Un programme lyrique

Le programme de cette première année d’Orchestre de la Société des concerts du Conservatoire reflète l’air du temps : Beethoven est à l’honneur. Cherubini, directeur des lieux, est souvent joué. Rossini et Auber ont parfois les honneurs des programmes, avec quelques compositeurs français de second ordre (Schneitzhœffer, Meyseder, Romberg, …). Peu de compositeurs antérieurs au début du XIXe, à l’exception de Mozart et Haydn, puis un peu plus tard, Haendel. Aux six concerts prévus par décret s’adjoint un septième, commandé par la Duchesse de Berry, belle-fille du roi Charles X et grande protectrice des arts. Puis la Société s’allie aux Concerts Spirituels, concerts de musiques sacrées dans les grands lieux de culte à l’occasion des fêtes religieuses, étoffant ainsi le nombre de concerts par saisons. L’Orchestre de la Société des concerts du Conservatoire se soucie peu de créations originales. Le goût parisien est résolument lyrique : des extraits d’opéras de Gluck, Rossini, Weber, Méhul ou Meyerbeer sont régulièrement programmés.
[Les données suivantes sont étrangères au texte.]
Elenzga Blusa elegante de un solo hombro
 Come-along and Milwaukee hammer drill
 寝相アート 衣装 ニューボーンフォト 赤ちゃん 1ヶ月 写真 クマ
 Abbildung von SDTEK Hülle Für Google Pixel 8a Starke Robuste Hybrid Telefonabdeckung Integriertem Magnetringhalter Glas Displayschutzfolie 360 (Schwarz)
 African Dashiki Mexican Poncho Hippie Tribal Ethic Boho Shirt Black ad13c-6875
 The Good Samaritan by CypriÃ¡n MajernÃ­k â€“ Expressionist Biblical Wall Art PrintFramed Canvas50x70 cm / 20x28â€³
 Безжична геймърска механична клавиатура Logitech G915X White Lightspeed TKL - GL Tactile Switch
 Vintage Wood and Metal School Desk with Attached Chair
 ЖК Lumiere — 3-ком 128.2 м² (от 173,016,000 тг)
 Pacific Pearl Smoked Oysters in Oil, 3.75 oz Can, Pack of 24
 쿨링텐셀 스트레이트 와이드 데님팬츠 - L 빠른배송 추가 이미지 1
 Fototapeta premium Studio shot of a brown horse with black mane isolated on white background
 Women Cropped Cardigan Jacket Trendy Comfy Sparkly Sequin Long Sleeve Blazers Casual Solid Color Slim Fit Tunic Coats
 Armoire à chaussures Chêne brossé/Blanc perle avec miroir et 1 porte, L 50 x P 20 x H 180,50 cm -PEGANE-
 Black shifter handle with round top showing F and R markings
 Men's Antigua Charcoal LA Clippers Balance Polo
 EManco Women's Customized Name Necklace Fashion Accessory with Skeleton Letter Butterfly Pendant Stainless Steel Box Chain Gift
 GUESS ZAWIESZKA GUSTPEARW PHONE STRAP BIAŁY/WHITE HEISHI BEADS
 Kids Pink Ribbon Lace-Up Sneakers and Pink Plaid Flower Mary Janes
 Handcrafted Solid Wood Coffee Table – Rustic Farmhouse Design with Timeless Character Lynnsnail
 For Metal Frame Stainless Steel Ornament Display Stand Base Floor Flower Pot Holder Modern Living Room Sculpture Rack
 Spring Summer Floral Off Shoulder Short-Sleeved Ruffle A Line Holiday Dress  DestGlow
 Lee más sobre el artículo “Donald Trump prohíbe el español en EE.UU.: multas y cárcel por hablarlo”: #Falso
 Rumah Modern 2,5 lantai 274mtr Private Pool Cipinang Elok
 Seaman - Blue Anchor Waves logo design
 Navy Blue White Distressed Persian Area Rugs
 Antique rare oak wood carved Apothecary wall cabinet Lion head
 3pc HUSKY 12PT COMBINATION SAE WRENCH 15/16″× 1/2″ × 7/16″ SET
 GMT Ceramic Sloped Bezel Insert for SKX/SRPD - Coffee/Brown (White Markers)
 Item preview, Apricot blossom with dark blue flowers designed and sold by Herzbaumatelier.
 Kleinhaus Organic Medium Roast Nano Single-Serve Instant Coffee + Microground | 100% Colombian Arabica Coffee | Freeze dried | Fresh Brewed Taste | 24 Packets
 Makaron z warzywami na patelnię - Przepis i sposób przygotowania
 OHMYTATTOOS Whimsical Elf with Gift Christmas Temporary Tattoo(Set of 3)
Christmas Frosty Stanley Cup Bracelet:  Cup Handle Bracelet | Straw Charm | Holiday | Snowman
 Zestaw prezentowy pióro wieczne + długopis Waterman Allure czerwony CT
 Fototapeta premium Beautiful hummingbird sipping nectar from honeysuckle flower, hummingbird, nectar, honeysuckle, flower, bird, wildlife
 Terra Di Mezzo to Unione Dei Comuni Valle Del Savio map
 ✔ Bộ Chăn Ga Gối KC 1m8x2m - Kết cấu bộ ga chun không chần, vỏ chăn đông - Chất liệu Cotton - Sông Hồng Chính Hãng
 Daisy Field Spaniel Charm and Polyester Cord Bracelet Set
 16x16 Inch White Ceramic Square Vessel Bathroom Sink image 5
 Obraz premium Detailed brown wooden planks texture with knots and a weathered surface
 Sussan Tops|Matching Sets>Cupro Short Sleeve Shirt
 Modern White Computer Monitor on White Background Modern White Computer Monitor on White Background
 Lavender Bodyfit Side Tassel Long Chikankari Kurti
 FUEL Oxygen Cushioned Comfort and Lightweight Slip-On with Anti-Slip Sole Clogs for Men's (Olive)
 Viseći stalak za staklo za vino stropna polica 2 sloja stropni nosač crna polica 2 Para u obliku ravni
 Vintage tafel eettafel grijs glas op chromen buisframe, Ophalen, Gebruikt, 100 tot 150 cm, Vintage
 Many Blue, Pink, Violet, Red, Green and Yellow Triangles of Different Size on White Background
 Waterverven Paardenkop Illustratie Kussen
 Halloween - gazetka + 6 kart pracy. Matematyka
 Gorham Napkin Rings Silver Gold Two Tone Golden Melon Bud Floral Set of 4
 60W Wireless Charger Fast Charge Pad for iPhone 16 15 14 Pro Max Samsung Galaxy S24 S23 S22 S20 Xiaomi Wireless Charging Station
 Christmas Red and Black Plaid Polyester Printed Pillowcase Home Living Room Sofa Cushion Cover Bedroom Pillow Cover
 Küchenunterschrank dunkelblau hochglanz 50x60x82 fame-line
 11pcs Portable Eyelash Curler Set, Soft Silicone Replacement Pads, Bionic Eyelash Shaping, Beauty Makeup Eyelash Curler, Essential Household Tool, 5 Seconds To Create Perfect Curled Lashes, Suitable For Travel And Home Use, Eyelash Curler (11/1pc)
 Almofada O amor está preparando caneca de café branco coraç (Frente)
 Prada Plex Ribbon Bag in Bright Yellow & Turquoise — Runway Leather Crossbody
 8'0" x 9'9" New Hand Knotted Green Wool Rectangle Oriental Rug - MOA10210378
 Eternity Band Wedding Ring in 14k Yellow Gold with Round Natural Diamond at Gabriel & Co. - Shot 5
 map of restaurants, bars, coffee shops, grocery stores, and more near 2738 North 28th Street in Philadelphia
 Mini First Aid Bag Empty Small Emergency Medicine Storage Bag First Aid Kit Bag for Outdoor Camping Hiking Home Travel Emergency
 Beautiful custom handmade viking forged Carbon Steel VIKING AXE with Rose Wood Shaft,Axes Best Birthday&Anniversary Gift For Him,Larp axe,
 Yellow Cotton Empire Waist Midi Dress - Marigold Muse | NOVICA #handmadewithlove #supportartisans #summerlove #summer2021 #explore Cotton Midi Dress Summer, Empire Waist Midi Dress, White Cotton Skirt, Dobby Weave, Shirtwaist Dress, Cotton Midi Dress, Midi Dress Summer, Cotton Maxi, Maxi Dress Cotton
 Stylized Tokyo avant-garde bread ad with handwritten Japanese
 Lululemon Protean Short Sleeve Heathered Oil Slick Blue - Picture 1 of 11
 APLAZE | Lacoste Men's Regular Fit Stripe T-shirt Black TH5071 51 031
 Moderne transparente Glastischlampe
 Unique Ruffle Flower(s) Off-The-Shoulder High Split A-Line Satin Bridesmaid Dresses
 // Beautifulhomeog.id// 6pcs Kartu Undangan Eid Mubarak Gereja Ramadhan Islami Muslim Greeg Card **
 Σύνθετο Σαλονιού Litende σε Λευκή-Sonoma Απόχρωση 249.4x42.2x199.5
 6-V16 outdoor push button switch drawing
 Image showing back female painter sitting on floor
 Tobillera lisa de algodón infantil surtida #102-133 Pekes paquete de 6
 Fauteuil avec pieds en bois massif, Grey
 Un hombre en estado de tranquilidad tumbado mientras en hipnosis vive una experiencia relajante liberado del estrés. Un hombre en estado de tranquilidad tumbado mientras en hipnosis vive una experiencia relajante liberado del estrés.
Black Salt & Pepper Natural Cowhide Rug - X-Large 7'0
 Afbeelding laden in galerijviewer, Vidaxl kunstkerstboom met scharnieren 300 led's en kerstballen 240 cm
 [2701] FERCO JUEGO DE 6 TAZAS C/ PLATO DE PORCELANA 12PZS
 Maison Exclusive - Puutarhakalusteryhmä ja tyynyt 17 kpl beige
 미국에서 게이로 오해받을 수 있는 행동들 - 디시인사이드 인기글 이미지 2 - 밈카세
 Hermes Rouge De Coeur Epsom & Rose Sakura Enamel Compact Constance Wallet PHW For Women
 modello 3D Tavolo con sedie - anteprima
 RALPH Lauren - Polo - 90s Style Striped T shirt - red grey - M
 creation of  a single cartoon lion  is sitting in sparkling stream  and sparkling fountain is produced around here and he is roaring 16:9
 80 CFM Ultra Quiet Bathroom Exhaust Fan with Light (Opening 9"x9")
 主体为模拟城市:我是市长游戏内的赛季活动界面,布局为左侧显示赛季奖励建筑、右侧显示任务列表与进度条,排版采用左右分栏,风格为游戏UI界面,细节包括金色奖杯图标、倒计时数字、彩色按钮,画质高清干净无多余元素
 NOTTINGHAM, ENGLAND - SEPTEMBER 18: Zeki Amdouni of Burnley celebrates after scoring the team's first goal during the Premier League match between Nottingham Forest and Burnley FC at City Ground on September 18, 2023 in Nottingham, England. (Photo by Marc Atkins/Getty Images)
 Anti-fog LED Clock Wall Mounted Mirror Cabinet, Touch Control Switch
Le goût pour les virtuoses s’établit peu à peu : Liszt, Thalberg, Alkan, Dancla, Klosé, Kalkbrenner, … viennent jouer en solistes.

Musique "contemporaine"

Les saisons suivantes reflètent les envies de l’époque : la musique française se fait de plus en plus présente (Félicien David, Henri Vieuxtemps, Charles Gounod, …), certains compositeurs du XVIIIe siècle sont programmés (Haendel, Rameau, Pergolèse, …). La "musique contemporaine" de l’époque (Berlioz, Wagner, Franck, Dubois, Lenepveu, …) entre sous la direction de François-Georges Hainl, de 1863 à 1872. Le rythme s’accélère avec le chef d’orchestre suivant, Edouard Marie Ernest Deldevez qui dès sa première année de direction de l’Orchestre de la Société des concerts du Conservatoire programme la création mondiale du Concerto pour violoncelle n°1 de Camille Saint-Saëns. Il partage les concerts avec un autre chef d’orchestre, dont le nom devait rester célèbre encore aujourd’hui : Charles Lamoureux. A chaque saison le répertoire s’enrichit peu à peu (Brahms, Chabrier, Verdi, Lalo, Borodine, Humperdinck, …). Avec André Messager à la direction (de 1908 à 1919), Vincent d’Indy, Gabriel Fauré, Claude Debussy, Nikolaï Rimski-Korsakov, Paul Dukas, Charles Tournemire, Mili Balakirev, … et nombre de compositeurs français et russes sont à l’honneur. L’orchestre se déplace enfin en province, puis effectue ses premières tournées à l’étranger. Les concerts sont doublés, voire triplés, mais on ne dépasse pas la dizaine de programmes annuels.

Le dernier concert

Après la Première Guerre Mondiale, le rythme change. Philipe Gaubert, nouveau chef de 1919 à 1938 modernise résolument le répertoire et va jusqu’à jouer 20 programmes différents en un an. Charles Munch qui lui succède en 1938 continue dans cette lancée, l’effort de guerre ne semblant nullement influencer le nombre de concerts ni le répertoire. Le Palais de Chaillot remplace peu à peu l’étroite salle du Conservatoire. La Danse des morts et Chant de libération d’Arthur Honegger, la Symphonie en ut d’Henri Tomasi et l’Apocalypse selon Saint Jean de Jean Françaix sont créés pendant cette sombre période. André Cluytens reprend l’orchestre en 1946 et confie à Roger Désormières les programmes de musique contemporaine. L’orchestre part s’installer au Théâtre des Champs-Elysées. Mais la programmation tourne de plus en plus sur elle-même, l’orchestre joue le même répertoire. A partir de 1960 il n’y a plus de chef permanent, une politique d’invitations de grands noms du podium est lancée : Carl Schuricht, Manuel Rosenthal, Lorin Maazel, Georges Prêtre, Antal Dorati, Istvan Kerstesz, Michael Gielen, Jean Martinon, … La Société des concerts du Conservatoire donne son dernier concert avec un programme Wagner dirigé par Georges Sebastian le 12 mars 1967.